━━━ Dataset section ━━━

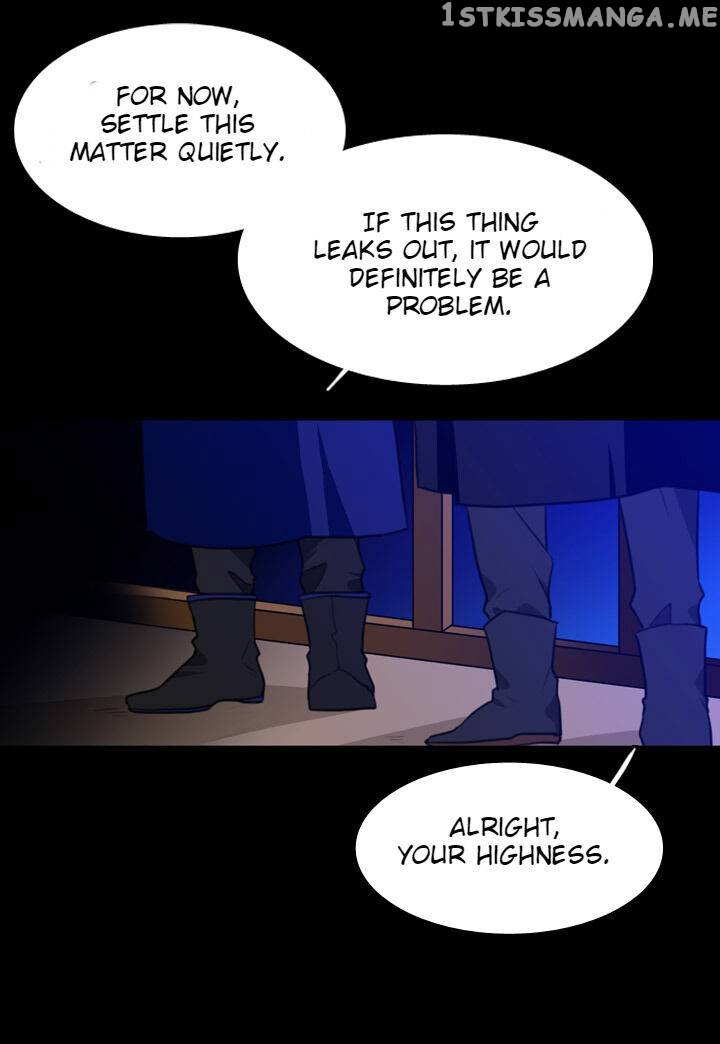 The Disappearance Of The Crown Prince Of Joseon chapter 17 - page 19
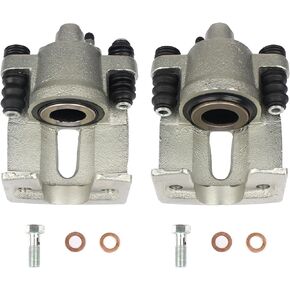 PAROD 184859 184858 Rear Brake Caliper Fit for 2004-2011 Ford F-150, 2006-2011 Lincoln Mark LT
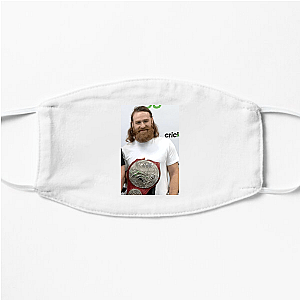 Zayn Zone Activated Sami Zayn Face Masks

━━━

- [What is expected]:
Would you please transcribe the listing in full, exactly, while omitting the images?

- [Response below]:
 The Disappearance Of The Crown Prince Of Joseon chapter 17 - page 19
 PAROD 184859 184858 Rear Brake Caliper Fit for 2004-2011 Ford F-150, 2006-2011 Lincoln Mark LT
 Zayn Zone Activated Sami Zayn Face Masks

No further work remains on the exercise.